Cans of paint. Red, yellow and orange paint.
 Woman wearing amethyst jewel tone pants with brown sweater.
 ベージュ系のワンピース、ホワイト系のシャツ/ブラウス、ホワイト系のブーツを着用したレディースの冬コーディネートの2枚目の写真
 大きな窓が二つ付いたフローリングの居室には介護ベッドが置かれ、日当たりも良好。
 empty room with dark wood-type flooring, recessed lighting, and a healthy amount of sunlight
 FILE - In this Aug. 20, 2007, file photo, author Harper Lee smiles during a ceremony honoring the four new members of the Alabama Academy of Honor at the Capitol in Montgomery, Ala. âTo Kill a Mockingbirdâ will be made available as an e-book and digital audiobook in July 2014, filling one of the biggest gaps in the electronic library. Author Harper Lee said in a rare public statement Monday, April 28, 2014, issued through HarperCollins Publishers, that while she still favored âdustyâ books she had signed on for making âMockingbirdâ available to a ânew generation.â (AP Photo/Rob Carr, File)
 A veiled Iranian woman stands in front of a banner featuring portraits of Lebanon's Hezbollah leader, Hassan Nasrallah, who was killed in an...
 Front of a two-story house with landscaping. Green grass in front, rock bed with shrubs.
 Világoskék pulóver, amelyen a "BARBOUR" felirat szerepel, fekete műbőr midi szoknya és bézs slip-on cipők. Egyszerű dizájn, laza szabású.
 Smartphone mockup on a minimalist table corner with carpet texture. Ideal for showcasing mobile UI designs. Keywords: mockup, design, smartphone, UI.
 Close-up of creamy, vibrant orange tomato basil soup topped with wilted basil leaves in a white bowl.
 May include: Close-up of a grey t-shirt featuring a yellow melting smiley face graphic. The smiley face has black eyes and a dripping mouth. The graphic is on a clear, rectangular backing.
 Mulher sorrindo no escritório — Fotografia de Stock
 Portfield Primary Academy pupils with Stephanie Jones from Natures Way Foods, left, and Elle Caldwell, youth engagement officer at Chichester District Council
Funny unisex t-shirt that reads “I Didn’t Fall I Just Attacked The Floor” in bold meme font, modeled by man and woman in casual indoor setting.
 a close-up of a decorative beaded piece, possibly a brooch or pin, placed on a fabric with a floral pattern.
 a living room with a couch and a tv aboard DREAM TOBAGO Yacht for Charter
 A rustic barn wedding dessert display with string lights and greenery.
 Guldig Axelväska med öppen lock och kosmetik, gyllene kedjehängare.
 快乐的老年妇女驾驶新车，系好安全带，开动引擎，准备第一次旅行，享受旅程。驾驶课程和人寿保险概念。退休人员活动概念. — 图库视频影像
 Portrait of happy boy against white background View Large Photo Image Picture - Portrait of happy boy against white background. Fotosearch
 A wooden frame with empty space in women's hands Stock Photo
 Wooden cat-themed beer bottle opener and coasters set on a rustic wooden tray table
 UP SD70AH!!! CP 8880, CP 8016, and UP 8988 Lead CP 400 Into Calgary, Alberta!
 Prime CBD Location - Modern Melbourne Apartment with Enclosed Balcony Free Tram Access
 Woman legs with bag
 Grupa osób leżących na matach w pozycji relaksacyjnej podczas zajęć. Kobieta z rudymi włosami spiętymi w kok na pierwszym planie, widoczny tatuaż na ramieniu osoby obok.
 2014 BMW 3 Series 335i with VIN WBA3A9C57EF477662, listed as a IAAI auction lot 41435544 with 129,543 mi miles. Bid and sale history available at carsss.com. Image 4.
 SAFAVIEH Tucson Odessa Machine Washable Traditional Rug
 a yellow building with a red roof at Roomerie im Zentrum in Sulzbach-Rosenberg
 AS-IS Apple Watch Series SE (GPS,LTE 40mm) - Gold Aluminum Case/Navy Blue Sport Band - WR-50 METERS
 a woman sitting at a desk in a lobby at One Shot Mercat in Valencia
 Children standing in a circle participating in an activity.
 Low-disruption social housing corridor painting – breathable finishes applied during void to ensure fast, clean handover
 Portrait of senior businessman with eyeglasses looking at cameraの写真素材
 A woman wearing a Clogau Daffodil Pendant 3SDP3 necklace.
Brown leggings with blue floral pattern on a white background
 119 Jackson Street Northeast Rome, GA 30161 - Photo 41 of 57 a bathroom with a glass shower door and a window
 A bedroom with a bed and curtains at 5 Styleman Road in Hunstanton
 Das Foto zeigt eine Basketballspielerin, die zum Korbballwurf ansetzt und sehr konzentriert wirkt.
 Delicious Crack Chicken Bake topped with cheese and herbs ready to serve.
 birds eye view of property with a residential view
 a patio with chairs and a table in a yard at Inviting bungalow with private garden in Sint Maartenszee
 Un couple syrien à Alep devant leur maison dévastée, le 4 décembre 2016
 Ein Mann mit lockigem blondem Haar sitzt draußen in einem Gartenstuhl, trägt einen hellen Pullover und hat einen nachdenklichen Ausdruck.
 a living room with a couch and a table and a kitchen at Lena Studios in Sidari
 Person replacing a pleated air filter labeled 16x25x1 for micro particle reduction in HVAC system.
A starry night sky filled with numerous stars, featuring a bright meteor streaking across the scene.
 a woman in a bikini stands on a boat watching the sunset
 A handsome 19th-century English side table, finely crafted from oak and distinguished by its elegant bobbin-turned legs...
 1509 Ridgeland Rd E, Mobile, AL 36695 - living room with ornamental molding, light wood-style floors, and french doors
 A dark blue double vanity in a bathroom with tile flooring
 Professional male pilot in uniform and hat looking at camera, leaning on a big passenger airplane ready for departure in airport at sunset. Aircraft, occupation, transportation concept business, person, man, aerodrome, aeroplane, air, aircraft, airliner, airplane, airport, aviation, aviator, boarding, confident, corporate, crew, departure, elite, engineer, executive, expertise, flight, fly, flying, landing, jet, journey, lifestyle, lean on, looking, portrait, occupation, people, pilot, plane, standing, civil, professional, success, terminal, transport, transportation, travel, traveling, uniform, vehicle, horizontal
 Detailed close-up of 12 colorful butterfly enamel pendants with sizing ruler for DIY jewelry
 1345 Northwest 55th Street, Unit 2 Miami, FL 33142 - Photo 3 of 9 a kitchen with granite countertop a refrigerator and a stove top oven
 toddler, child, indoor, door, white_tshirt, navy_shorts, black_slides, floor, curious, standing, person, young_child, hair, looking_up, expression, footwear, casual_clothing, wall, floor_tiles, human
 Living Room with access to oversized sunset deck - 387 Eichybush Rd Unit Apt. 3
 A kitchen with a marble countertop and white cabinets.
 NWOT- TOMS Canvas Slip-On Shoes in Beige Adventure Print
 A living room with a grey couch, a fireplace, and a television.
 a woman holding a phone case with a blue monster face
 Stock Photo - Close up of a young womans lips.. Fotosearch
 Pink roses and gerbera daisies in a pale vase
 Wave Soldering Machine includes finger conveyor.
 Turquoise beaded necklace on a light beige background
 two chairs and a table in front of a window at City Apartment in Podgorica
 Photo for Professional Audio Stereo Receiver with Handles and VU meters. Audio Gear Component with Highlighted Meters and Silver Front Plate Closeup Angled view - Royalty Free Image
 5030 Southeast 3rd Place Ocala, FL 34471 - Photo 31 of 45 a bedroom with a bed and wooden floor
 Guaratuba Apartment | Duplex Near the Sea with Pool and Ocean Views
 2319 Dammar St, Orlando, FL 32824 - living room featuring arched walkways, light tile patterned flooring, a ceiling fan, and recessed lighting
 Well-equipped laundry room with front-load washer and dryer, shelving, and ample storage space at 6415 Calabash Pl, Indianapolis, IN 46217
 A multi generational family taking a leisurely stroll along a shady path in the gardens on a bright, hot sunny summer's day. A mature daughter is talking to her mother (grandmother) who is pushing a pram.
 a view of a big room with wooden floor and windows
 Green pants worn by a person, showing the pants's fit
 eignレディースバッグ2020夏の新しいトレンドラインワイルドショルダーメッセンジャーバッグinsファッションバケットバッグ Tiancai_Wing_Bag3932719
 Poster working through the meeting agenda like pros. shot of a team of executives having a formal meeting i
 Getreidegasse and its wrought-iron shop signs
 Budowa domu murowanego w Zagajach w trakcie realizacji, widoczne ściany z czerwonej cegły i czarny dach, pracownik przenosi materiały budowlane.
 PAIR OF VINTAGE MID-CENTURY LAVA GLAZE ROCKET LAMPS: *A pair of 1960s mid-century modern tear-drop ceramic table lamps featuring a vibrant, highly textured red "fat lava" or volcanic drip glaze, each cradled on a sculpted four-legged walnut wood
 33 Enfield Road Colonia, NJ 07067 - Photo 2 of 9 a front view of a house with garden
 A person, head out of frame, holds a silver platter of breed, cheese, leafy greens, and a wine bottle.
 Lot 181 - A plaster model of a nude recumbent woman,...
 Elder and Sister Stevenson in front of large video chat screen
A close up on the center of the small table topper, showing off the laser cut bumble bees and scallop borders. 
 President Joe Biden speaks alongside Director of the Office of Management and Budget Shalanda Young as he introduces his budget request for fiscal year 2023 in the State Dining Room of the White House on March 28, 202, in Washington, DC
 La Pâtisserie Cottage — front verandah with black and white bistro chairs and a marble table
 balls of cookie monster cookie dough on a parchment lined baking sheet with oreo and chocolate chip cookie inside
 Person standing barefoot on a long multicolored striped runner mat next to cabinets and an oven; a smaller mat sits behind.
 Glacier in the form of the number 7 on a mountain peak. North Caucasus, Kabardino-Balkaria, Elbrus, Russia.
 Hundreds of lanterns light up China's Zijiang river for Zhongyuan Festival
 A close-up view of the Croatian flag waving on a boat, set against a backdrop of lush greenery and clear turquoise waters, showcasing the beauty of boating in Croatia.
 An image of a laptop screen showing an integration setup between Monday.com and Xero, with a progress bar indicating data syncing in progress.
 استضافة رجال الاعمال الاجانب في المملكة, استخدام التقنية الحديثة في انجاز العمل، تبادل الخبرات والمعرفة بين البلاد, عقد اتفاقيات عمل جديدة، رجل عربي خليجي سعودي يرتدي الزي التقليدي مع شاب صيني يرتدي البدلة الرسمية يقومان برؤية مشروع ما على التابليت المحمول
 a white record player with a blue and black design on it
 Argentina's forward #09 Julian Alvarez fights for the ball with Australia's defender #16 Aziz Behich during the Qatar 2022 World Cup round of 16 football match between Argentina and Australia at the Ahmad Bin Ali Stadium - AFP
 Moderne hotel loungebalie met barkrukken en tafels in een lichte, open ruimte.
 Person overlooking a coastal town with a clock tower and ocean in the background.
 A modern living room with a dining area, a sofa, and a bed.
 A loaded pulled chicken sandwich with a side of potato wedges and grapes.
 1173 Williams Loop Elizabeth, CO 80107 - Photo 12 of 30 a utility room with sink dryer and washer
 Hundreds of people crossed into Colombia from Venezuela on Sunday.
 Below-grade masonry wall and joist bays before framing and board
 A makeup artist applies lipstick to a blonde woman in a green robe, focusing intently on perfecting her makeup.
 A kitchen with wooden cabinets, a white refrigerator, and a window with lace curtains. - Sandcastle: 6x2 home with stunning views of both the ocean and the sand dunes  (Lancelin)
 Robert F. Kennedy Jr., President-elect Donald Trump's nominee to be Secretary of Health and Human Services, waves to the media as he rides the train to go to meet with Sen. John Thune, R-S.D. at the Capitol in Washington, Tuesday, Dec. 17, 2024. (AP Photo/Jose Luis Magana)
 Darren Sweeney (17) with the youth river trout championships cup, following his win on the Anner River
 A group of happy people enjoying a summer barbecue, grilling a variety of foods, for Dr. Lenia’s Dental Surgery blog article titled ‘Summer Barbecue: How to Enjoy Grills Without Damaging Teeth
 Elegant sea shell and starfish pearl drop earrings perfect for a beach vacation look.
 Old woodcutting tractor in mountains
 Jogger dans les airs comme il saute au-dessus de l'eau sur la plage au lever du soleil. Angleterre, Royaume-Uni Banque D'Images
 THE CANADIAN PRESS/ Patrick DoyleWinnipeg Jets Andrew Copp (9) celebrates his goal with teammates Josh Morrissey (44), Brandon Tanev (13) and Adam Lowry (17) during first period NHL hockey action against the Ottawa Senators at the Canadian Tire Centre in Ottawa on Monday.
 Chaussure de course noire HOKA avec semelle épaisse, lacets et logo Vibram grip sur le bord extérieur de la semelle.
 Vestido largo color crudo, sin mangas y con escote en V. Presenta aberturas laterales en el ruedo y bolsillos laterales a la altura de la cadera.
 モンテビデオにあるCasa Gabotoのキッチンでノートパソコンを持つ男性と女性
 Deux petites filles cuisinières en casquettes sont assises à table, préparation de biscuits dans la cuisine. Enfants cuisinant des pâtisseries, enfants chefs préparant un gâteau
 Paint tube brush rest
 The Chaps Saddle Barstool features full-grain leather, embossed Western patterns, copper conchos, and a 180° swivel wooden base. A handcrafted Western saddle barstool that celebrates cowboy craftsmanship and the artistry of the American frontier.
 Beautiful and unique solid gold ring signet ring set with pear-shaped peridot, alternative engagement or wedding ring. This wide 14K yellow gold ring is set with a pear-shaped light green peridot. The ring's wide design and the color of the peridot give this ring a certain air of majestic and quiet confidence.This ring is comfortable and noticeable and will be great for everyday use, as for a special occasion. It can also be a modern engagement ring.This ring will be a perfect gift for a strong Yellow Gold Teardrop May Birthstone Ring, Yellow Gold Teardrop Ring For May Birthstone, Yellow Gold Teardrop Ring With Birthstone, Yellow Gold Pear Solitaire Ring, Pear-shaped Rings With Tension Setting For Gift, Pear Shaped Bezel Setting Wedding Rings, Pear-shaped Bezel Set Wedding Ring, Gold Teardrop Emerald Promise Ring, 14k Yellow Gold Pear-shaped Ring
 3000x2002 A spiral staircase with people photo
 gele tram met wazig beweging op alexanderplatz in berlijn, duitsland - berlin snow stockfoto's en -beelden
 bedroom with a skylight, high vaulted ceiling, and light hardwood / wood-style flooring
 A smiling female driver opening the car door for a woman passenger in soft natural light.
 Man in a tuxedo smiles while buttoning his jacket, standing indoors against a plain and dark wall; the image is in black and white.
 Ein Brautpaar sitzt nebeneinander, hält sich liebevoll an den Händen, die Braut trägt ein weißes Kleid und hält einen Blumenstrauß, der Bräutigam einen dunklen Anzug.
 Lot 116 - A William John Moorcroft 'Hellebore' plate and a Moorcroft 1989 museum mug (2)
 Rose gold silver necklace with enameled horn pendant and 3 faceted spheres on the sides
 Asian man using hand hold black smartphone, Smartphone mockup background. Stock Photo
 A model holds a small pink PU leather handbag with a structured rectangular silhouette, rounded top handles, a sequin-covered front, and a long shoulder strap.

━━━━

### Prompt
Restate the listing word for word, but only from its first line through the line with "empty room with", keeping both end lines.

### Worked solution
Cans of paint. Red, yellow and orange paint.
 Woman wearing amethyst jewel tone pants with brown sweater.
 ベージュ系のワンピース、ホワイト系のシャツ/ブラウス、ホワイト系のブーツを着用したレディースの冬コーディネートの2枚目の写真
 大きな窓が二つ付いたフローリングの居室には介護ベッドが置かれ、日当たりも良好。
 empty room with dark wood-type flooring, recessed lighting, and a healthy amount of sunlight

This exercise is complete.